Supplied information section start
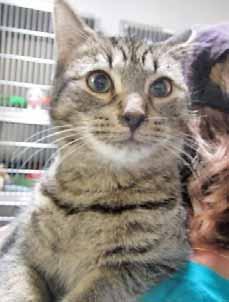 Come meet me and I'll be sure to share the love. Torro means bull in Spanish - huh??? I'm a super-loving, 6-month-old male Tabby kitten. I'm the last of a litter of 4 boys.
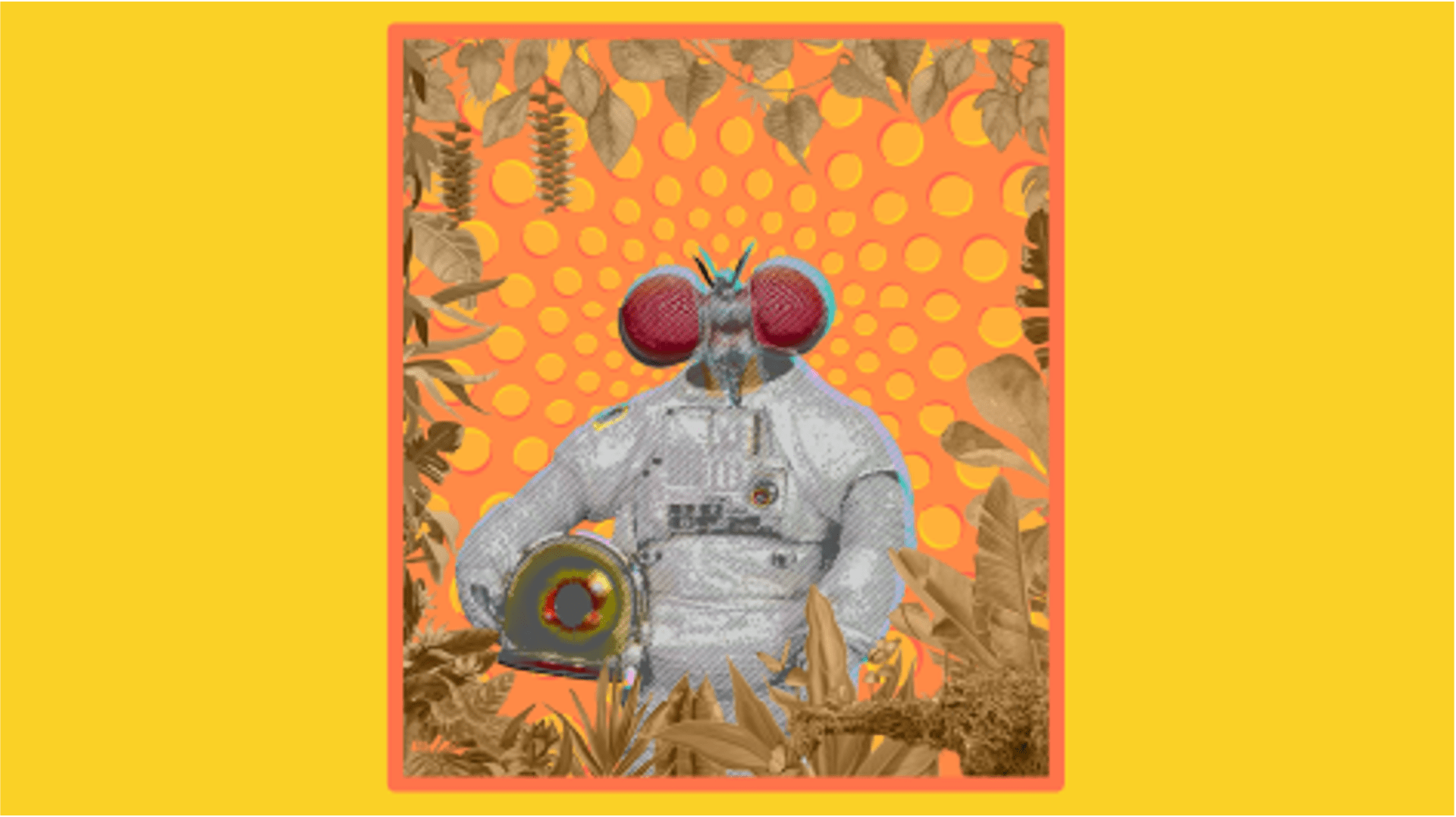 Narator #2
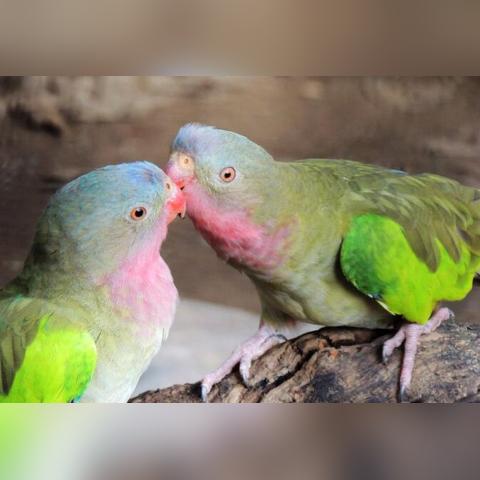 胸彩超是做什么检查的长尾关键词有哪些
Supplied information section end
* _Required work_: Each line of the material goes into your copy unchanged, but no picture does.

* _Reply to the exercise_:
 Come meet me and I'll be sure to share the love. Torro means bull in Spanish - huh??? I'm a super-loving, 6-month-old male Tabby kitten. I'm the last of a litter of 4 boys.
 Narator #2
 胸彩超是做什么检查的长尾关键词有哪些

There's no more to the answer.